A brass wire `1.8 m` long at `27^(@)C` is held taut with little tension between two rigid supports. If the wire cooled to a temperature of `-39^(@)C`, what is the tension developed in the wire, if its diameter is `2.0 mm`? Coefficient of linear expansion of brass `= 2.0 xx 10^(-5)//^(@)C`, Young's modulus of brass `= 0.91 xx 10^(11) Pa`.

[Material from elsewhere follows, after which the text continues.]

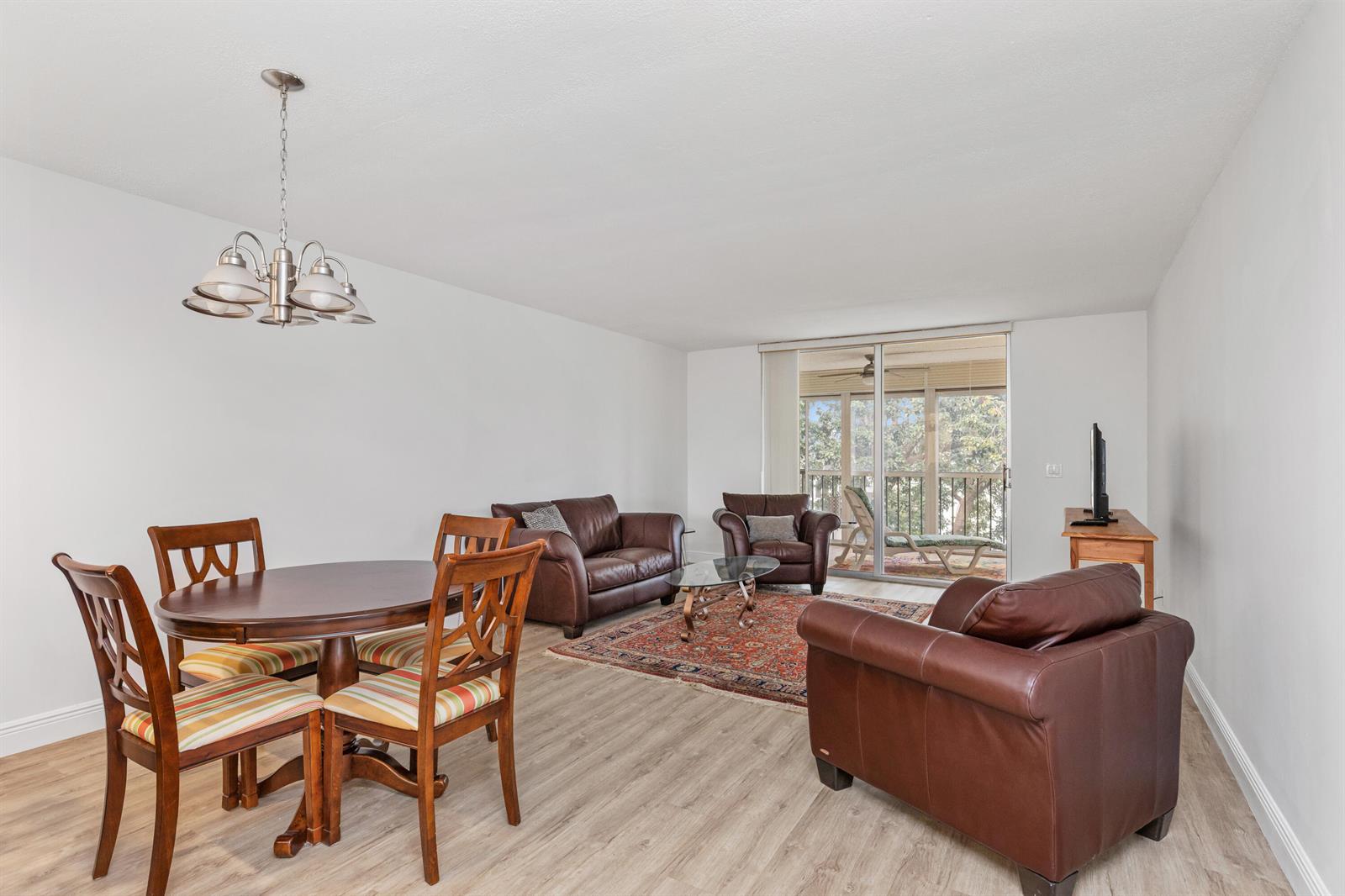 A living and dining area with brown leather furniture, a patterned rug, and a balcony view — 6650 S Oriole Boulevard # 4080, Delray Beach FL 33446, DELRAY BEACH, FL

Initial temperature,` T_(1) = 27^(@)C`
Final temperature, `T_(2) = –39^(@)C`
Diameter of the wire, d = 2.0 mm `= 2 × 10^(–3) m`
Tension developed in the wire = F
Coefficient of linear expansion of brass, `α= 2.0 × 10^(–5) K^(–1)`
Young’s modulus of brass, `Y = 0.91 × 10^(11)` Pa
Young’s modulus is given by the relation:
`Y=("Stress")/("Strain")=((F)/(A))/((DeltaL)/(L))`
`DeltaL=(FxxL)/(AxxY)`...(i)
Where,
F = Tension developed in the wire
A = Area of cross-section of the wire.
ΔL = Change in the length, given by the relation:
`DeltaL=aL(T_(2)-T_(1))`...(ii)
Equating equations (i) and (ii), we get:
`aL(T_(2)-T_(1))=(FL)/(pi((d)/(2))^(2)xxY)`
`F=a(T_(2)-T_(1))piY((d)/(2))^(2)`
`F=2xx10^(-5)xx(-39-27)xx3.14xx0.91xx10^(11)xx((2xx10^(-3))/(2))^(2)`
`= -3.8xx10^(2)N`
(The negative sign indicates that the tension is directed inward.) Hence, the tension developed in the wire is `3.8 ×10^(2) `N.